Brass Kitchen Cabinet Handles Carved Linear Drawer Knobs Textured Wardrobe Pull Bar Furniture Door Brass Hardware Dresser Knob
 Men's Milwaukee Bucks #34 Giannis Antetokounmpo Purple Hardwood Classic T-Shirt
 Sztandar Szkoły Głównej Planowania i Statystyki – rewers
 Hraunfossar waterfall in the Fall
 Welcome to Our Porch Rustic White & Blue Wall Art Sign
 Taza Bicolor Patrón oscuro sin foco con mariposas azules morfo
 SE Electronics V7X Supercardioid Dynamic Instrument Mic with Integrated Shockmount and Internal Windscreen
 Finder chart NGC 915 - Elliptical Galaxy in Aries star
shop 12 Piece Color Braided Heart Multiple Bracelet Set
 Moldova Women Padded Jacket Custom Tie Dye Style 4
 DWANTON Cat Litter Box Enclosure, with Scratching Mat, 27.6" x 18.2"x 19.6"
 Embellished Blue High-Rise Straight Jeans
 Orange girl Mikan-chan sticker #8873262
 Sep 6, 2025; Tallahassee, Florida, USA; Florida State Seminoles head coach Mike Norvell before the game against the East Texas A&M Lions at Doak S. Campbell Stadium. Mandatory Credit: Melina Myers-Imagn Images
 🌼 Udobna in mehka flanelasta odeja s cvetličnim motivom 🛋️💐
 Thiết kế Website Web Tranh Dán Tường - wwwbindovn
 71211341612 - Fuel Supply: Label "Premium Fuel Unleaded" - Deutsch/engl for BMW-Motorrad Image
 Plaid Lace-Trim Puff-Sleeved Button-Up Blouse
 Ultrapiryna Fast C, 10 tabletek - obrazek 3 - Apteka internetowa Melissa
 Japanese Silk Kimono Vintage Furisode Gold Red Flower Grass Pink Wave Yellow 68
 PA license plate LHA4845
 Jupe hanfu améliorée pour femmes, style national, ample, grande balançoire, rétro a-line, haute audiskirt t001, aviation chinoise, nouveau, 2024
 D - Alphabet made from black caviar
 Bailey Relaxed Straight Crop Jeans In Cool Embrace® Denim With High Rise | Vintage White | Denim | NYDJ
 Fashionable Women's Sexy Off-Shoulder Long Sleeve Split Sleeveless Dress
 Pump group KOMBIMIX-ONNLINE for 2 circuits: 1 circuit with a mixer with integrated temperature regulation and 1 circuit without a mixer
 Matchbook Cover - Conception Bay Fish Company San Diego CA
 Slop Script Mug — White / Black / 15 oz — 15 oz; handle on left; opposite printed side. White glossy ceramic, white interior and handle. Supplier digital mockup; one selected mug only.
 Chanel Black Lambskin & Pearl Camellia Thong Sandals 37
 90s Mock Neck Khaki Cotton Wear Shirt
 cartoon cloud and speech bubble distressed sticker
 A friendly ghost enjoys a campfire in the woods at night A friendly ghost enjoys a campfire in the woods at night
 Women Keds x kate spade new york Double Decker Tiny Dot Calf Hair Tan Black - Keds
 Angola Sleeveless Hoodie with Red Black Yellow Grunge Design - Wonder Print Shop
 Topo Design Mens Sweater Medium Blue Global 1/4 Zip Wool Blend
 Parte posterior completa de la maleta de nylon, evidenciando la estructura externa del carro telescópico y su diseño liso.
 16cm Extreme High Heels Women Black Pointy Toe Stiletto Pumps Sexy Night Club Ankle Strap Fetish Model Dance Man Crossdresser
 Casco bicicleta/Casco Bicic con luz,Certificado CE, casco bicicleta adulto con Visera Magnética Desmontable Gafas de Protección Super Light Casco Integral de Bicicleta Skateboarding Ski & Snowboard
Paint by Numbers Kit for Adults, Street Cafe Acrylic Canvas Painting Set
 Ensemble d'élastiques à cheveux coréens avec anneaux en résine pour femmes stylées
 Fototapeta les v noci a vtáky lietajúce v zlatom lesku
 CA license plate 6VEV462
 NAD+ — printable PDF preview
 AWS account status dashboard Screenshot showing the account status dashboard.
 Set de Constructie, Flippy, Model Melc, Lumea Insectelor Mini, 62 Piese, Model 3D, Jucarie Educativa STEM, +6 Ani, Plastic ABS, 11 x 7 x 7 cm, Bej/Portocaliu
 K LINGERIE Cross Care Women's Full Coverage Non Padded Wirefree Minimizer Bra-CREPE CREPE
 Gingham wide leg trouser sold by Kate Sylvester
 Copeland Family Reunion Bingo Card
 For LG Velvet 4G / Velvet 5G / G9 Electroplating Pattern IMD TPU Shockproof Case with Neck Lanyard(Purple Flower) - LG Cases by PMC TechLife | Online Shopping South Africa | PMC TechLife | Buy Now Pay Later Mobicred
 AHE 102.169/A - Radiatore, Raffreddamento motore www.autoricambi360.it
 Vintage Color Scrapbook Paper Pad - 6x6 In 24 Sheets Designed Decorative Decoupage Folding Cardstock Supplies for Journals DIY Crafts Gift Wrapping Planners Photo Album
__________________________________________________
- **INSTRUCTIONS TO FOLLOW**
Please report the number of lines in the data that include the word "Jeans", and add no other text.

- **EXPECTED OUTPUT**
2